Write out again the entries from the first line to the line that includes "CSS-Arbeitsblatt für Anfänger", keeping both of those lines.

=== Begin Enclosure ===

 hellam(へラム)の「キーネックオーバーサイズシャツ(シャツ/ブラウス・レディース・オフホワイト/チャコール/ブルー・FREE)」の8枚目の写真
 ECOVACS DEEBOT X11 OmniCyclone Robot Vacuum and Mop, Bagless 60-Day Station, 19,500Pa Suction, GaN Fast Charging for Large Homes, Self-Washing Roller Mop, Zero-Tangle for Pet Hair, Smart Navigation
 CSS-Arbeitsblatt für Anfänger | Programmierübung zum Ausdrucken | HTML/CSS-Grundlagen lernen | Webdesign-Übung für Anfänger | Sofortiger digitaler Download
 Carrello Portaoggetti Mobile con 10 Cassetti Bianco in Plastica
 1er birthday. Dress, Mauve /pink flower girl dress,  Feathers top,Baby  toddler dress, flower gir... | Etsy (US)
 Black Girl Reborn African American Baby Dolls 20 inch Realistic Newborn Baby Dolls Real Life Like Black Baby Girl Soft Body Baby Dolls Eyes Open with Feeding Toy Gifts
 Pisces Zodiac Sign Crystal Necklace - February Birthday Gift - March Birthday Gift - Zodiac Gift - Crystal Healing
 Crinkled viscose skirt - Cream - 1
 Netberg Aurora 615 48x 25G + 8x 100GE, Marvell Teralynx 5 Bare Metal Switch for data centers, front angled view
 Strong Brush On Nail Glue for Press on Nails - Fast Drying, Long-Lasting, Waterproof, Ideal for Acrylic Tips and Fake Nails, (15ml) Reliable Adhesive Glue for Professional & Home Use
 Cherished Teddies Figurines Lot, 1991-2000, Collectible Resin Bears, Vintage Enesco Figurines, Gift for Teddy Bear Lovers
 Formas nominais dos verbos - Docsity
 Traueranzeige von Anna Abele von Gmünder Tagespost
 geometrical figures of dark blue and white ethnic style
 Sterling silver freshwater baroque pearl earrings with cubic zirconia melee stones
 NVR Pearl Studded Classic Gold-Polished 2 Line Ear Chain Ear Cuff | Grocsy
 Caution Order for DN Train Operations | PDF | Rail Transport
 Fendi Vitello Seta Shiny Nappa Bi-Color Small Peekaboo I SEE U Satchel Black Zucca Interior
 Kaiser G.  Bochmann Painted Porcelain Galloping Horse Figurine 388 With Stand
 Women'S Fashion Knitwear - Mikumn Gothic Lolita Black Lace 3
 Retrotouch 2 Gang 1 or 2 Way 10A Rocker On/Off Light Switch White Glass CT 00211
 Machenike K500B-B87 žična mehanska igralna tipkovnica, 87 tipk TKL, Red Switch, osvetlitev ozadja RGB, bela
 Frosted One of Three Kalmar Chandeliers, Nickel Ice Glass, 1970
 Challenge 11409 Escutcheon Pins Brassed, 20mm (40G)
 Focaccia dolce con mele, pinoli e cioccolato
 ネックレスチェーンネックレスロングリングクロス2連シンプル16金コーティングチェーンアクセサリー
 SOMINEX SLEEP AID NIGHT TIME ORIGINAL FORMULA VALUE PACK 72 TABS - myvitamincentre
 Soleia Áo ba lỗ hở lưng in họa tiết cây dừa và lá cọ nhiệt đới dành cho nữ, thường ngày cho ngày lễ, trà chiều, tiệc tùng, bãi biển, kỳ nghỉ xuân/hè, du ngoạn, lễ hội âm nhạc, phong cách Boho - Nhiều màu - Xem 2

=== End Enclosure ===

◆ Completed task
 hellam(へラム)の「キーネックオーバーサイズシャツ(シャツ/ブラウス・レディース・オフホワイト/チャコール/ブルー・FREE)」の8枚目の写真
 ECOVACS DEEBOT X11 OmniCyclone Robot Vacuum and Mop, Bagless 60-Day Station, 19,500Pa Suction, GaN Fast Charging for Large Homes, Self-Washing Roller Mop, Zero-Tangle for Pet Hair, Smart Navigation
 CSS-Arbeitsblatt für Anfänger | Programmierübung zum Ausdrucken | HTML/CSS-Grundlagen lernen | Webdesign-Übung für Anfänger | Sofortiger digitaler Download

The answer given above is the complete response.